Applying Multidimensional Geometry to Basic Data Centre Designs
Keywords:Data Centre, N-hypercube, N-orthoplex, N-simplex, Networking
Fog computing deployments are catching up by the day due to their advantages on latency and bandwidth compared to cloud implementations. Furthermore, the number of required hosts is usually far smaller, and so are the amount of switches needed to make the interconnections among them. In this paper, an approach based on multidimensional geometry is proposed for building up basic switching architectures for Data Centres, in a way that the most common convex regular N-polytopes are first introduced, where N is treated in an incremental manner in order to reach a generic high-dimensional N, and in turn, those resulting shapes are associated with their corresponding switching topologies.
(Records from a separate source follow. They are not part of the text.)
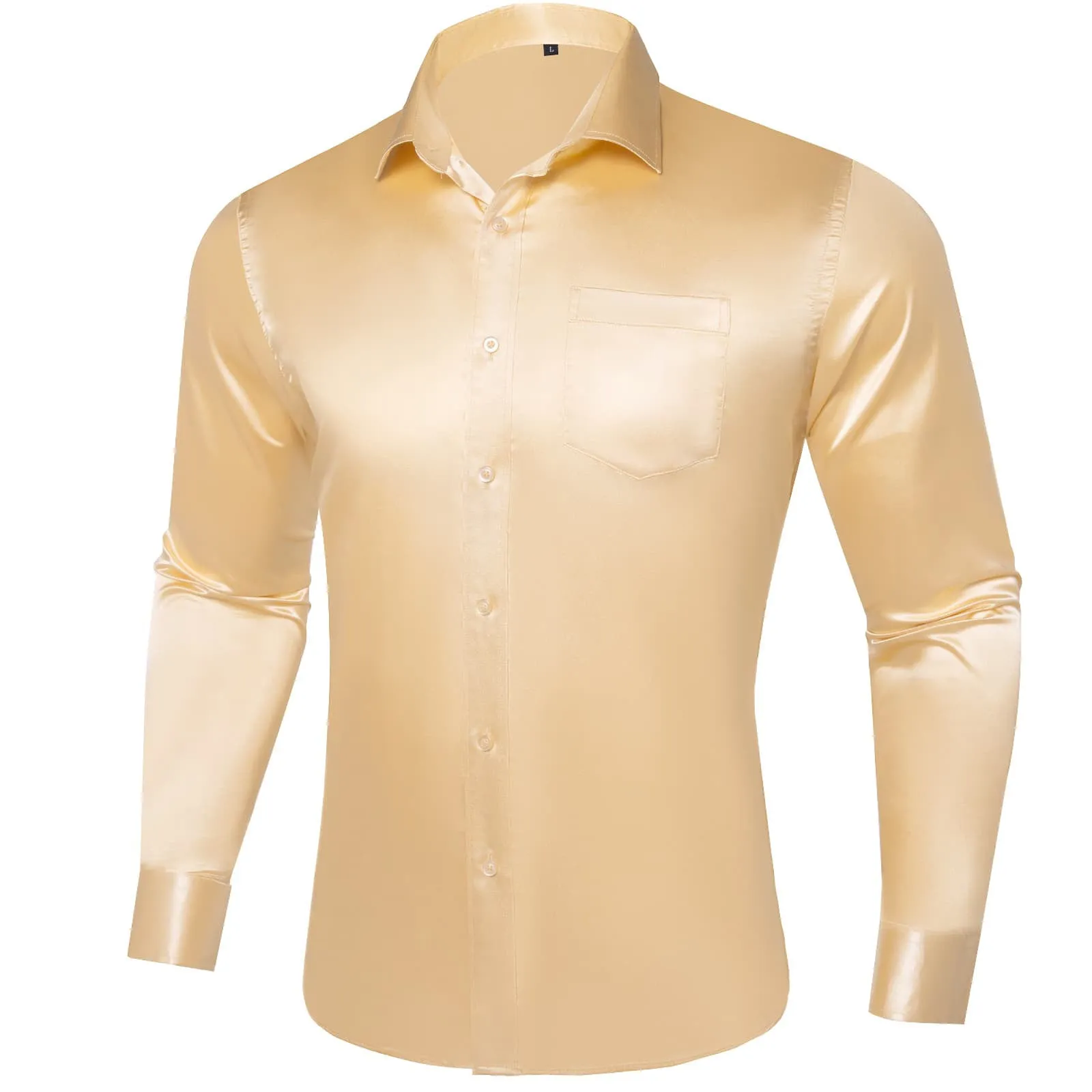 Ties2you Suit Shirt Wheat Solid Satin Mens Silk Button Down Long Sleeve Shirt sold by Ties2You product image thumbnail 2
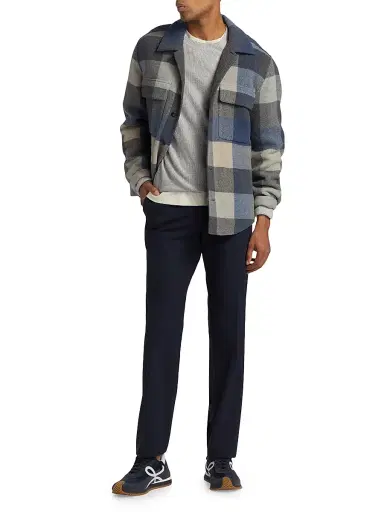 Vince Men's Geo Jacquard Long-Sleeve Crewneck Sweater - Heather Grey Classic Cream | Thumbnail 2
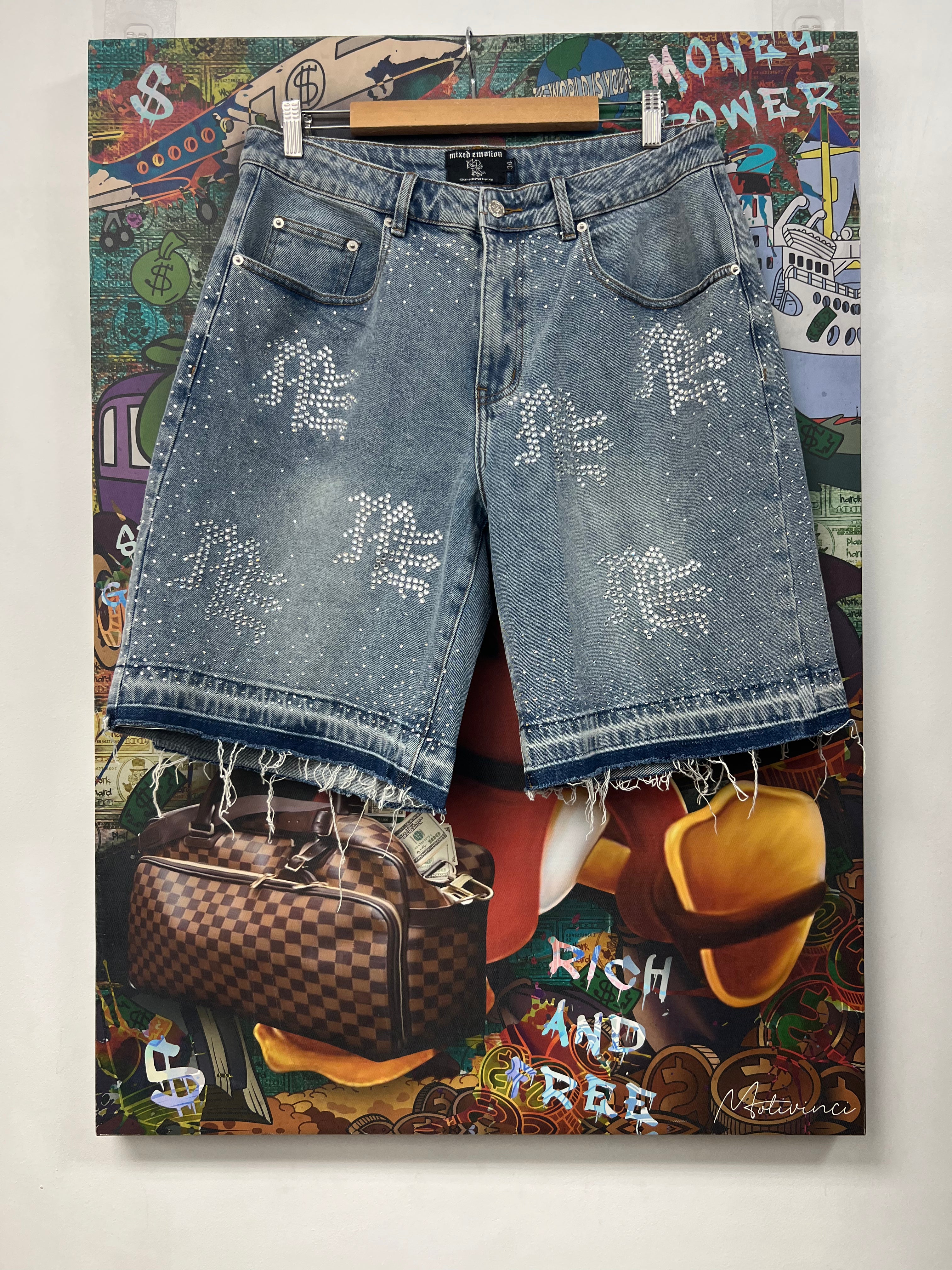 Mixed Emotions ME Rhinestone Jean Shorts
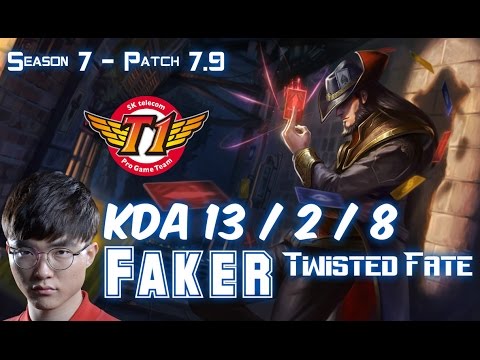 SKT T1 Faker TWISTED FATE vs KARMA Mid - Patch 7.9 KR Ranked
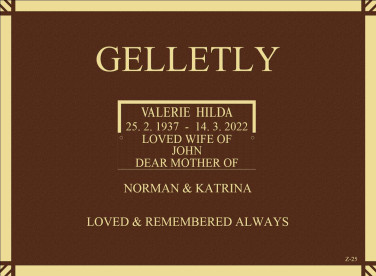 VALERIE HILDA GELLETLY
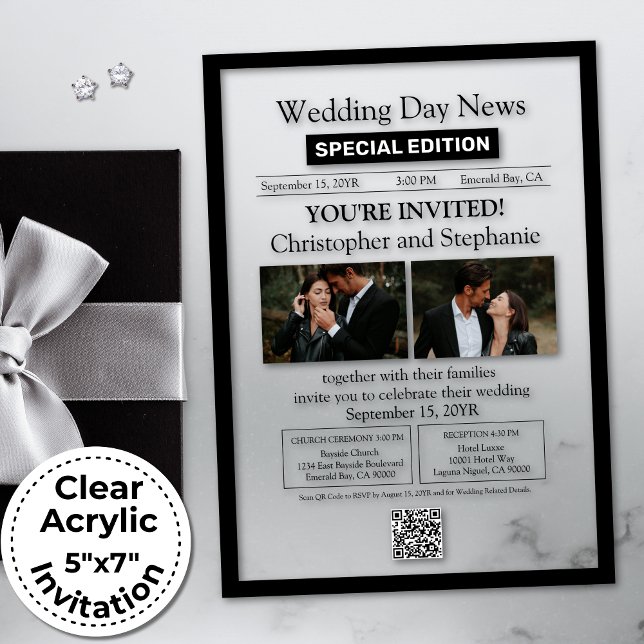 Minimalist Elegant Customisable Newspaper Wedding Acrylic Invitations (Elegant Chic Editable Modern Black Typography All Season Newspaper Style Wedding Invitation)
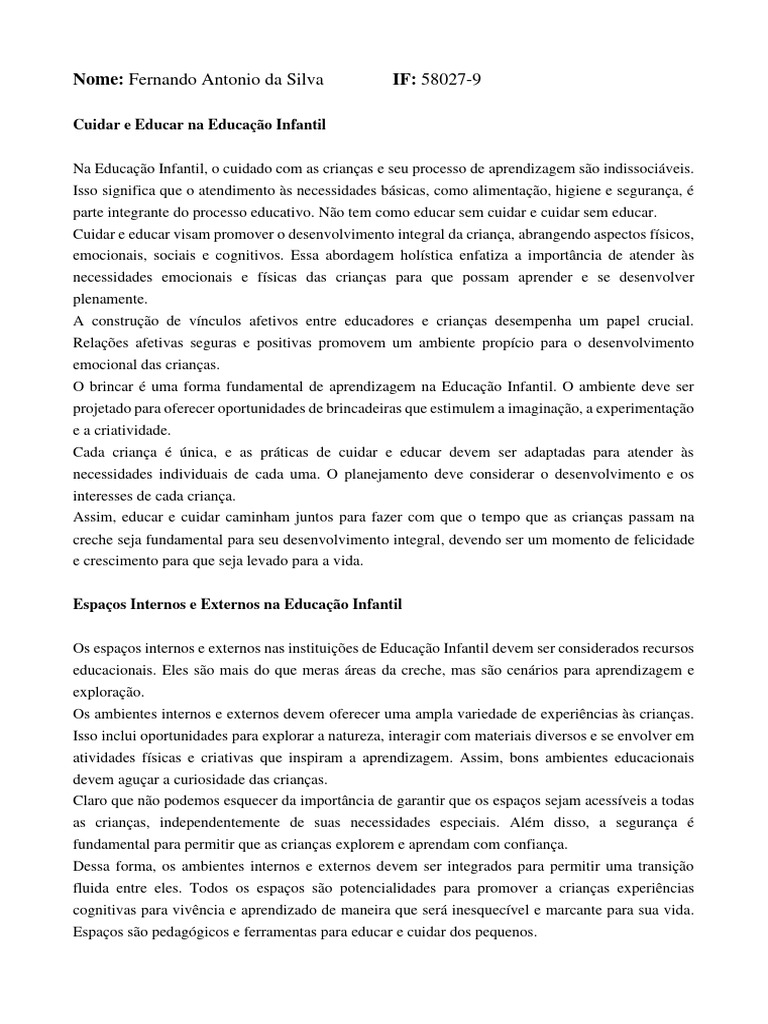 Cuidar e Educar Na Educação Infantil | Download grátis PDF | Pré-escola ...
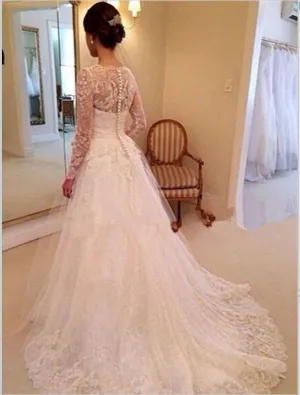 Lace Tulle V-neck Long Sleeves Wedding Dresses Court Train Ball Gown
This way, N-simplex is related to a full mesh pattern, N-orthoplex is linked to a quasi full mesh structure and N-hypercube is referred to as a certain type of partial mesh layout. In each of those three contexts, a model is to be built up, where switches are first identified, afterwards, their downlink ports leading to the end hosts are exposed, along with those host identifiers, as well as their uplink ports leading to their neighboring switches, and eventually, a pseudocode algorithm is designed, exposing how a packet coming in from any given port of a switch is to be forwarded through the proper outgoing port on its way to the destination host by using the appropriate arithmetic expressions in each particular case. Therefore, all those algorithmic models represent how their corresponding switches may work when dealing with user data traffic within a Data Centre, guiding it towards its destination.